5) Conversation guidée (dorénavant abrégé CG) : il s'agit d'un entretien constitué d'une série de questions fermées et ouvertes avec l'enquêteur (Racine et al., 2012 ; Detey et al., 2016).

Par ailleurs, ces questions sont, comme le précisent Racine et al. (2012), adaptées au niveau des apprenants et au contexte d'apprentissage, c'est-à-dire que les questions sont adaptées au milieu – hétéroglotte ou homoglotte – de l'apprentissage.

6) Conversation libre (dorénavant abrégé CL) : contrairement à la CG, l'enquêteur est absent, il s'agit d'une discussion entre deux apprenants autour d'un sujet donné.

Racine et Detey (2016) soulignent que le protocole de recueil de données utilisé dans le projet IPFC est identique pour toute les L1, ce qui permet une comparabilité entre les différentes L1 sur la base d'une tâche. Par ailleurs, le protocole IPFC étant similaire à celui employé dans le projet PFC au niveau des tâches – avec une modalité adaptée aux apprenants – il permet également de comparer les données non-natives à celles des locuteurs natifs (Racine et al., 2012 ; Racine et Detey, 2016 ; Detey et al., 2016).
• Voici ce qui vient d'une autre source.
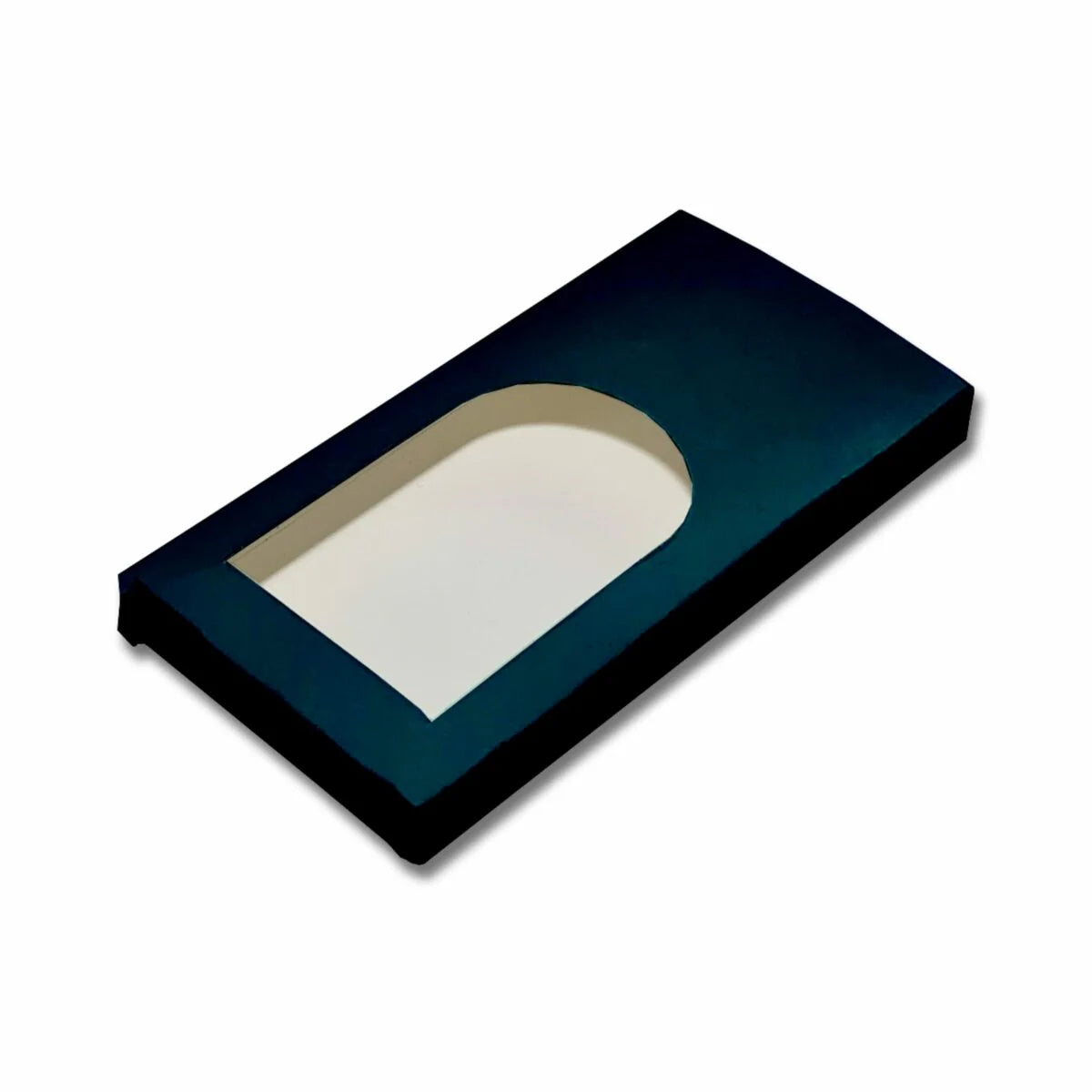 Black big chocolate bar box in black finish, measuring 17 × 8 × 1.3 cm, for chocolate bar packaging.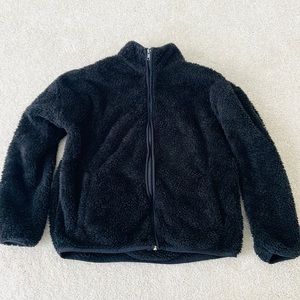 Forever21 Fuzzy Zip Up Sweater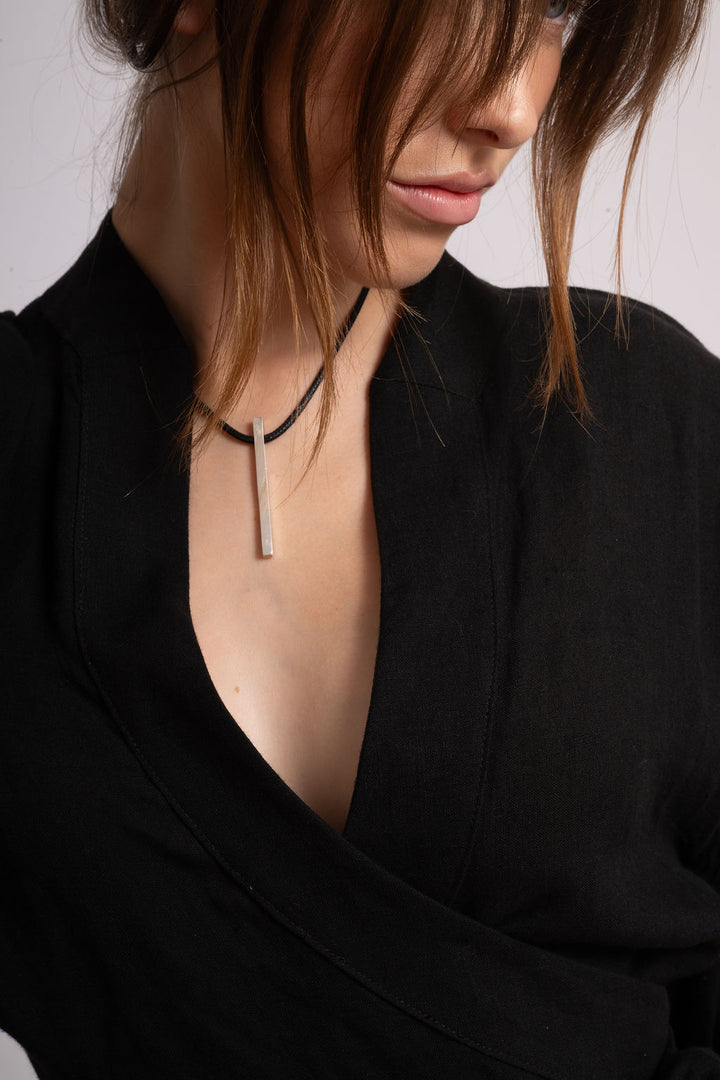 Long drop solid sterling silver Pendant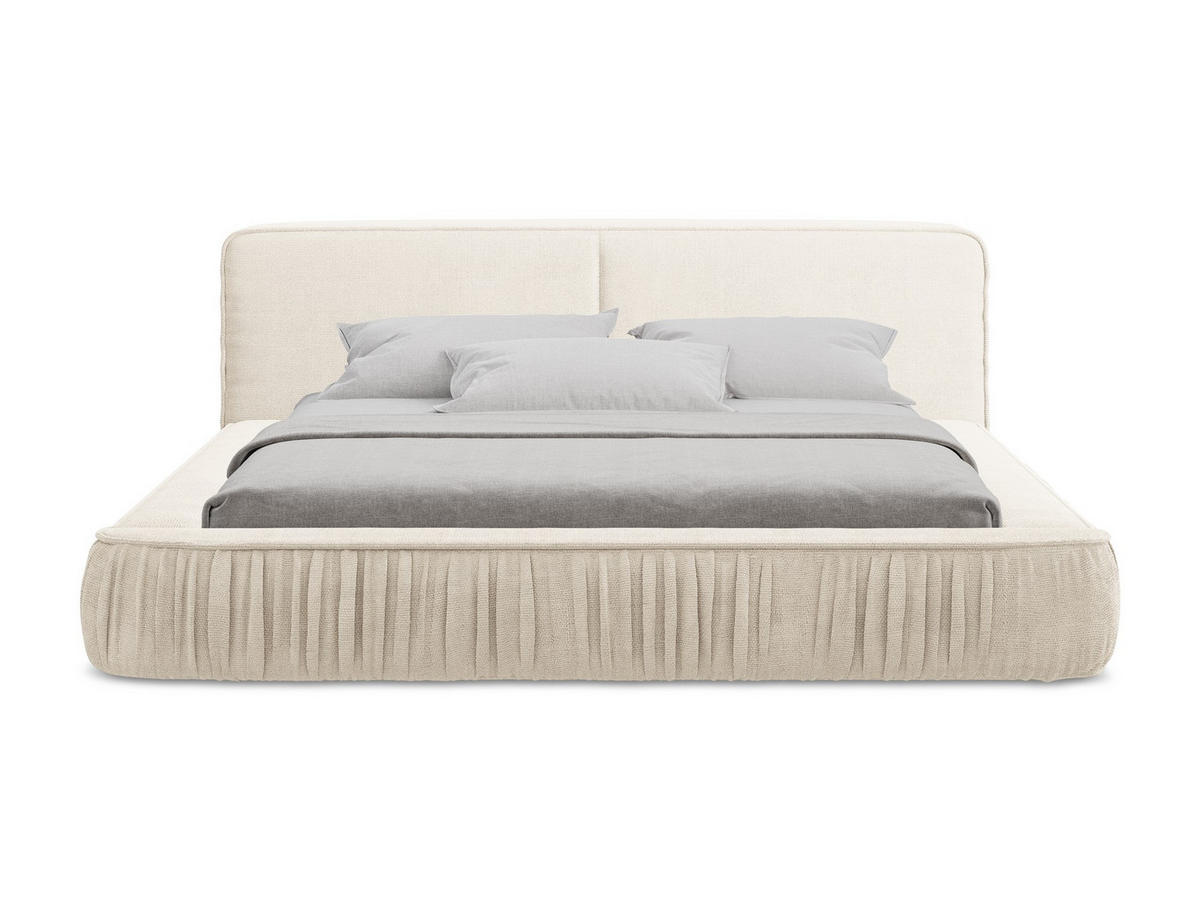 POLSTERBETT mit Bettkasten und Lattenrost 198x238 Beige - Beige/Creme, Kunststoff/Textil (160/200cm) - Makamii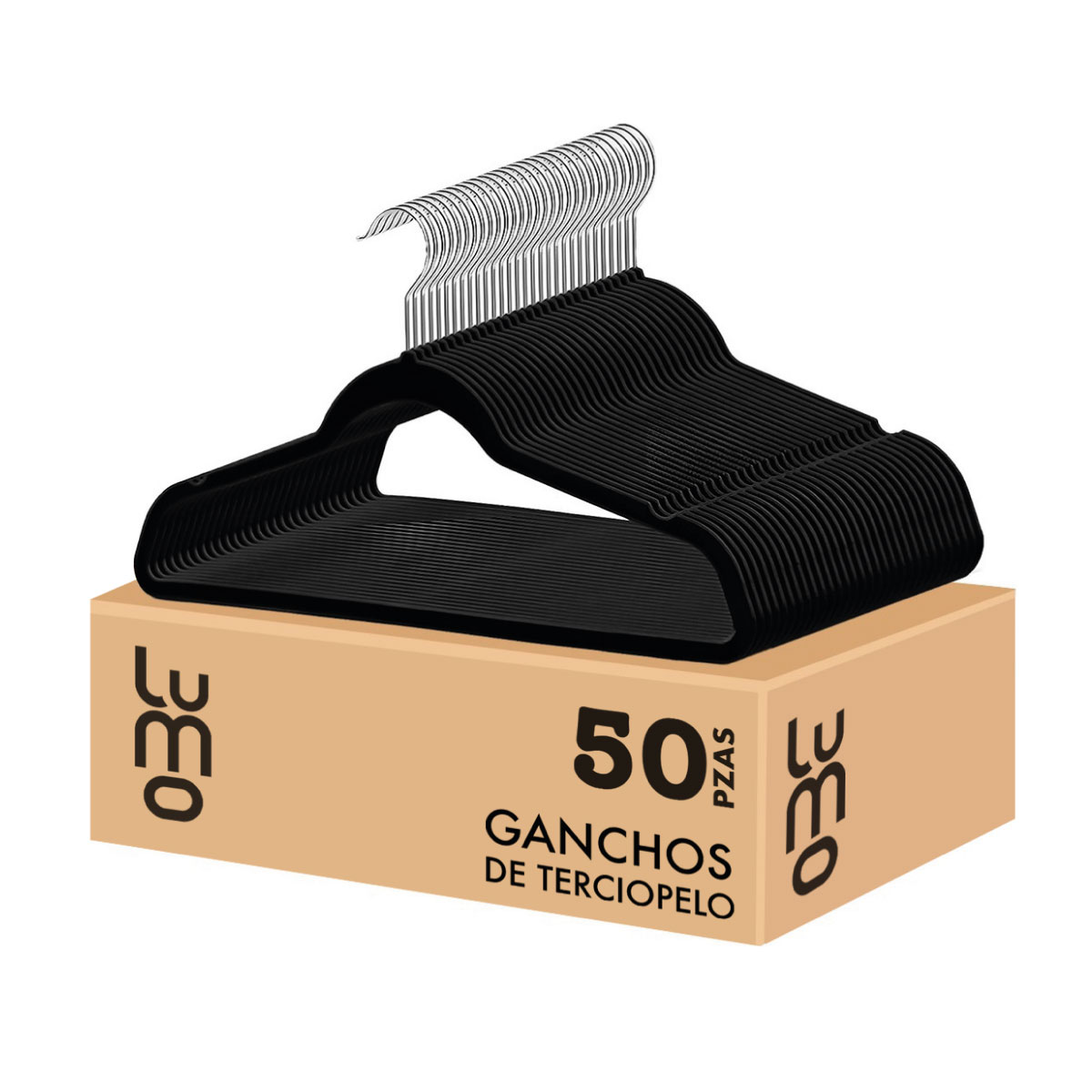 Set de 50 Ganchos Perchas Terciopelo Velvet Premium.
Lors du recueil des données, les apprenants effectuent ces 6 tâches dans un lieu calme (si possible insonorisé) et en présence d'un magnétophone afin d'enregistrer tous les entretiens. Les apprenants remplissent également un questionnaire sociolinguistique (voir Annexe 2) qui vise à établir le profil de chaque apprenant (Racine et Detey, 2016). Une fois les données recueillies, les enregistrements sont transcrits orthographiquement sous Praat (Boersma et Weenink, 2015) selon des conventions spécifiquement développées pour la L2 (voir Racine et al., 2011). Racine et Detey (2016) soulignent que cette convention concerne tout particulièrement des cas d'ambiguïtés au niveau morpho-lexical et phonético-phonologique.

Une fois les transcriptions terminées, les données sont ensuite codées en fonction des phénomènes analysés (liaisons, voyelles nasales, consonnes, etc.). En ce qui concerne le schwa, le codage pour cette voyelle sera présenté dans la section 3.3.4. Afin d'éviter de "transcrire phonétiquement"

(Racine et al., 2019 : 10) – comme par exemple de transcrire en API ou en tout autre alphabet phonétique – un codage alphanumérique, basé sur la perception, a été spécialement développé dans le cadre des projets PFC et IPFC (Racine et al., 2011). En effet, les auteurs expliquent que l'usage d'un alphabet phonétique, tel que l'API, entraine un "degré de catégorisation qui accorde beaucoup de poids à l’oreille native des transcripteurs, avec tous les problèmes de fiabilité et de discordance que cela induit" (Racine et al., 2011 : 13). Ainsi, les projets PFC et IPFC privilégient le traitement des données par un système de codage, car selon Racine et al. (2011 :13), il permet "d’éviter d’attribuer une catégorie phonémique à une réalisation dont l’appartenance à une catégorie phonémique donnée est justement problématique". Comme le rappelle Detey (2014 : 3), le projet IPFC vise à décrire "les traits de prononciation" des locuteurs non-natifs. De ce fait l'approche par codage sur la base de la perception permet d'observer comment les locuteurs natifs perçoivent la production des apprenants sans catégoriser et mettre des étiquettes sur chaque son perçu (Racine et al., 2010).

Comme nous l'avons mentionné précédemment, la présente étude se situe dans le sous-projet, IPFC-Japon (Detey et Kawaguchi, 2008 ; Racine et al., 2012 ; Detey et al., 2016). 16 apprenants japonophones de français de niveau avancé ont été enregistrés43 et la présente recherche s'appuie sur les productions d'une partie d'entre eux (voir section 3.3.1).